O deputado do PS referia-se à acusação de Simões Pereira, em declarações à Lusa a 05 de dezembro, em que o líder do PAICG e presidente do parlamento guineense, dissolvido um dia antes pelo Presidente, Umaro Sissoco Embaló, considerava que Portugal se deixa usar pelo chefe de Estado guineense, Umaro Sissoco Embaló, "em vez de contribuir para o reforço da estabilidade, para a construção de instituições democráticas".

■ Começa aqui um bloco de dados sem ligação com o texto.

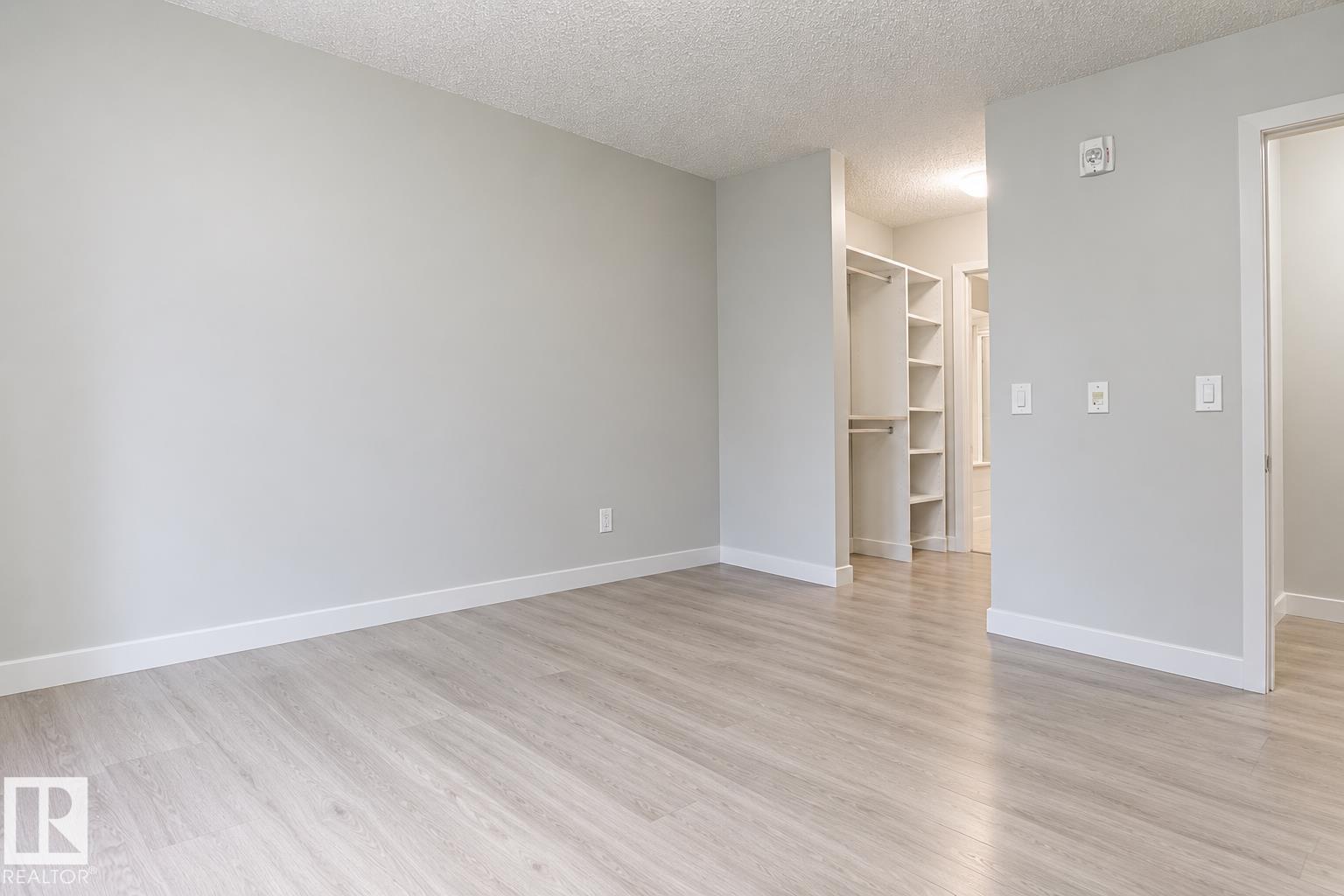 #127 5515 7 AV SW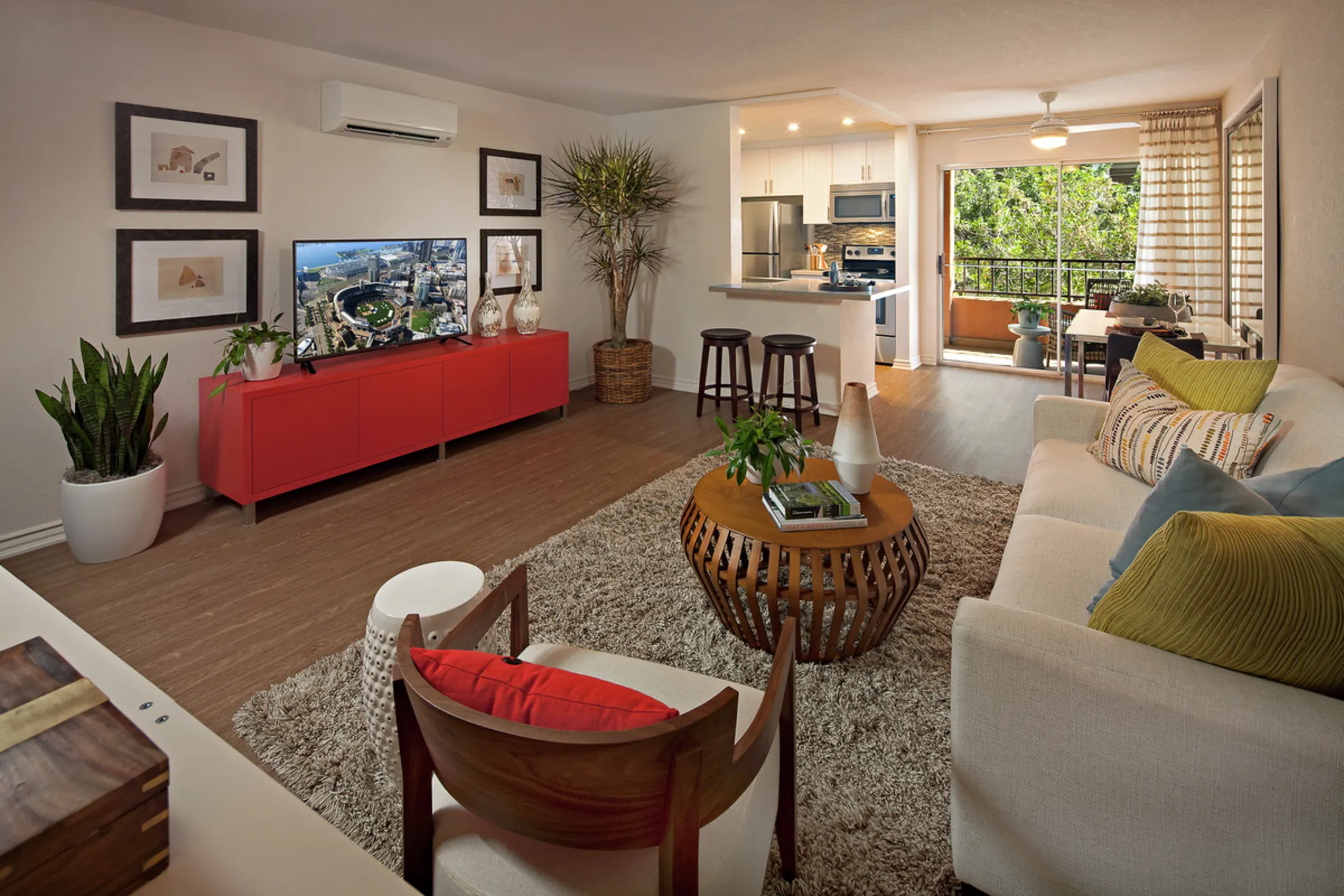 Living Room - Harborview Apartment Homes - San Diego, CA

"Volta e meia, por tuta e meia, o Presidente [Sissoco Embaló] evoca conversas com [o Presidente da República de Portugal] Marcelo Rebelo de Sousa, com o primeiro-ministro, António Costa, e com outras autoridades [portuguesas]. E fá-lo com o intuito de evocar algum paralelismo com aquilo que acontece em Portugal e que, portanto, se é normal em Portugal, é normal na Guiné-Bissau", afirmou então Simões Pereira à agência Lusa.
"Quando (...) as autoridades portuguesas ouvem essa menção e não fazem questão de denunciar e de se distanciar dessa realidade, tornam-se cúmplices daquilo que está a acontecer neste momento" na Guiné-Bissau, acrescentou.
No dia seguinte à acusação Simões Pereira, em comunicado, o Ministério dos Negócios Estrangeiros português repudiou essas declarações.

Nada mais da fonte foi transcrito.